In this post, we address the "Merge k Sorted Lists" problem, a more advanced variation of the classic merge sorted lists challenge. This problem involves merging multiple sorted linked lists into one single sorted linked list. It's a common question in data structures, particularly in understanding how to efficiently combine multiple sorted sequences.

Problem

Given an array of k linked-lists lists, where each linked list is sorted in ascending order, the goal is to merge all the linked lists into one sorted linked list and return it.

Examples:

1. Input: lists = [[1,4,5],[1,3,4],[2,6]]

Output: [1,1,2,3,4,4,5,6]

2. Input: lists = []

Output: []

3. Input: lists = [[]]

Output: []

2. Solution Steps

1. Utilize a priority queue (min heap) to efficiently merge the lists.

2. Add the first node of each list to the priority queue.

3. Pop the smallest element from the queue and add it to the merged list.

4. If the popped element has a next node, add that node to the queue.

5. Continue this process until the queue is empty.

6. Return the head of the merged list.

3. Code Program

import java.util.PriorityQueue;

class ListNode {
    int val;
    ListNode next;
    ListNode(int x) { val = x; }
}

public class MergeKSortedLists {
    public static void main(String[] args) {
        // Example use case
        ListNode[] lists = new ListNode[3];
        lists[0] = new ListNode(1);
        lists[0].next = new ListNode(4);
        lists[0].next.next = new ListNode(5);

        lists[1] = new ListNode(1);
        lists[1].next = new ListNode(3);
        lists[1].next.next = new ListNode(4);

        lists[2] = new ListNode(2);
        lists[2].next = new ListNode(6);

        ListNode result = mergeKLists(lists);
        while (result != null) {
            System.out.print(result.val + " ");
            result = result.next;
        }
    }

    // Function to merge k sorted linked lists
    public static ListNode mergeKLists(ListNode[] lists) {
        if (lists == null || lists.length == 0) return null;

        PriorityQueue<ListNode> queue = new PriorityQueue<>((l1, l2) -> l1.val - l2.val);
        ListNode dummy = new ListNode(0);
        ListNode current = dummy;

        for (ListNode list : lists) {
            if (list != null) {
                queue.add(list);
            }
        }

        while (!queue.isEmpty()) {
            ListNode node = queue.poll();
            current.next = node;
            current = current.next;

            if (node.next != null) {
                queue.add(node.next);
            }
        }

        return dummy.next;
    }
}

Output:

1 1 2 3 4 4 5 6

Explanation:

1. mergeKLists: This function merges k sorted linked lists into a single sorted list.

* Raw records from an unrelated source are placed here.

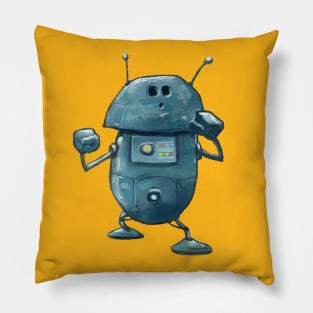 Little Blue Robot Pillow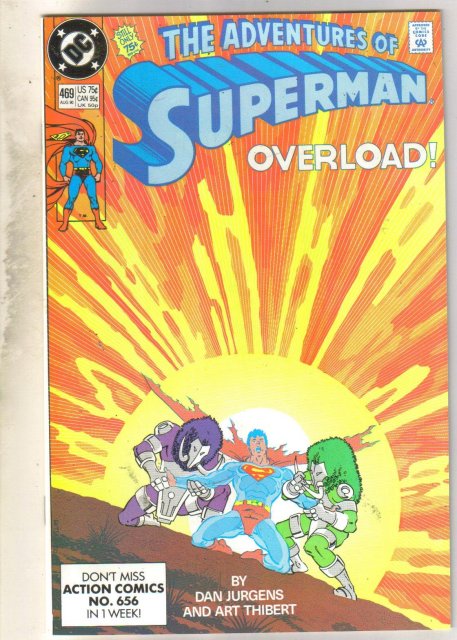 Adventures of Superman #469 comic book near mint 9.4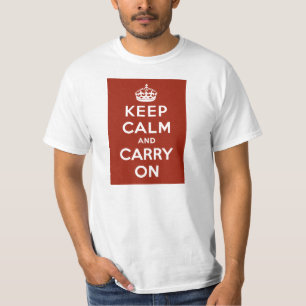 T-shirt Vintage Restez calme et poursuivez votre propagand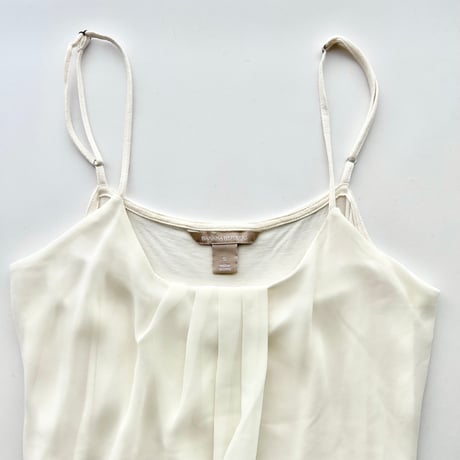 ivory chiffon camisole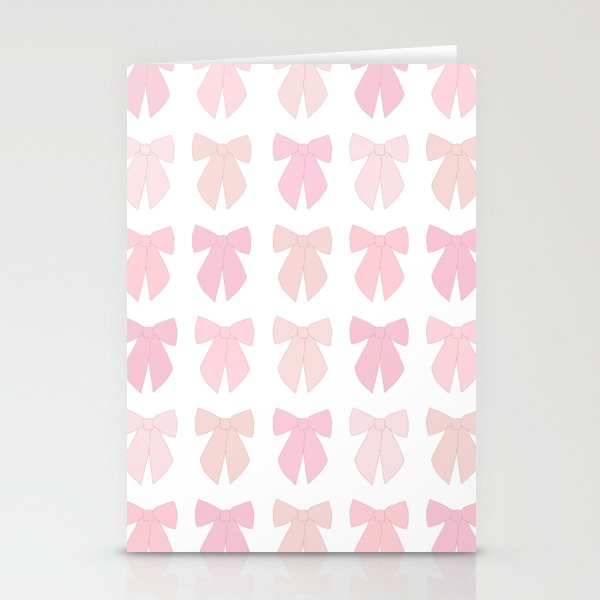Pink Bows Preppy Coquette Stationery Card Gallery Image 2
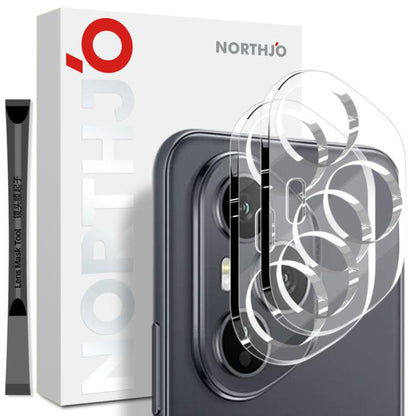 For Honor 400 Pro Global 160.8mm 2pcs NORTHJO Camera Lens Protector 3D HD Tempered Glass Film(Clear) - For Huawei by NORTHJO | Online Shopping UK | buy2fix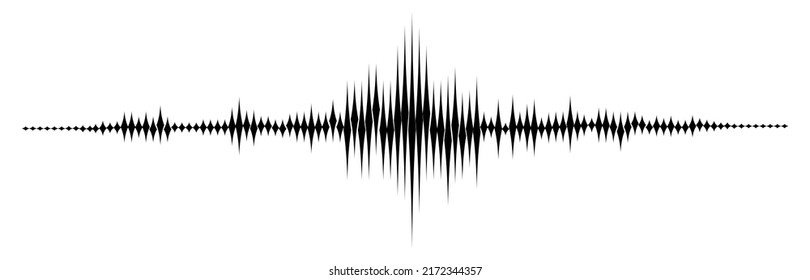 Earthquake background. seismogram for seismic measurement.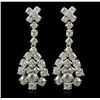 Image 1 : 14KT White Gold 2.87ct Diamond Earrings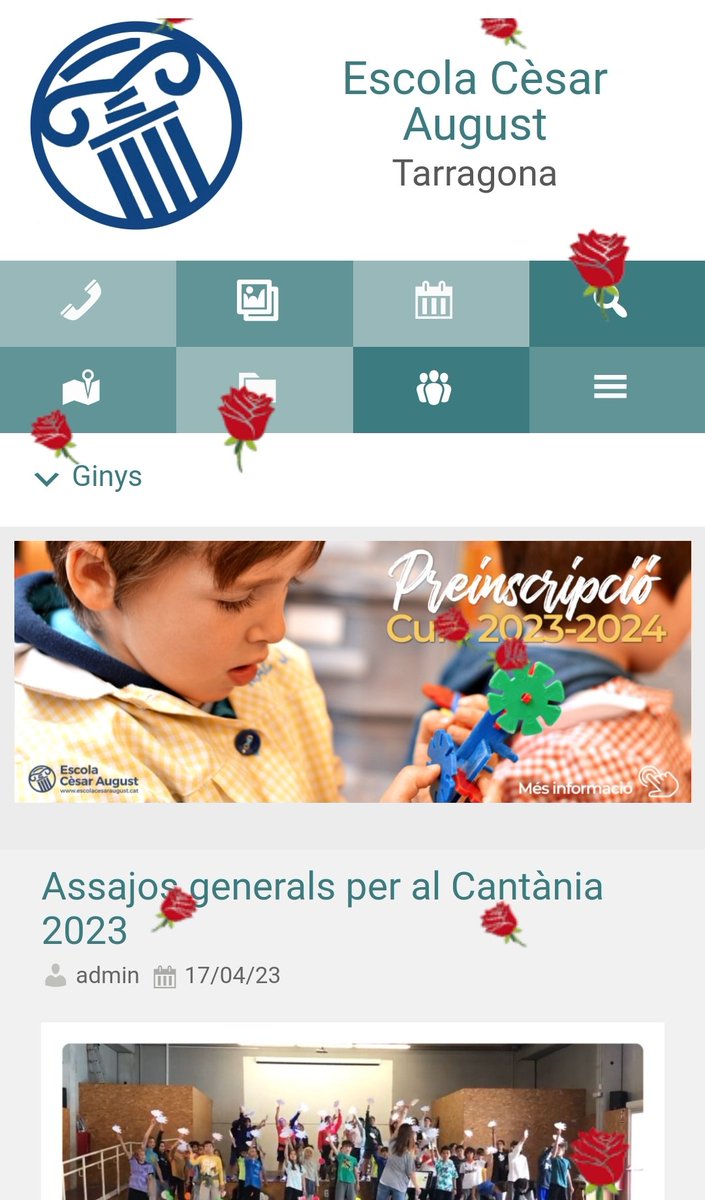 Dparedes27 (@warholsport) on Twitter photo Durant aquesta setmana algunes de les pàgines web del territori esdevenen un pèl diferents. agora.xtec.cat/ceipcesaraugus…  #feliçsantjordi <a href="/educaciocat/">Educació</a> #SantJordi2023 Durant aquesta setmana algunes de les pàgines web del territori esdevenen un pèl diferents. agora.xtec.cat/ceipcesaraugus…  #feliçsantjordi <a href="/educaciocat/">Educació</a> #SantJordi2023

2. A priority queue is used to determine the smallest node at each step efficiently.

3. The first node of each list (if not null) is added to the queue.

4. The function repeatedly removes the smallest element from the queue and adds it to the merged list, maintaining the sorted order.

5. If the removed node has a next node, that node is added to the queue for future processing.

6. The loop continues until the queue is empty, meaning all nodes have been processed and added to the merged list.

7. The function returns the head of the merged list, starting from the next node of the dummy node, ensuring proper handling of the initial empty node.

8. This approach effectively combines multiple sorted lists while maintaining the overall sorted order, demonstrating the power and efficiency of priority queues.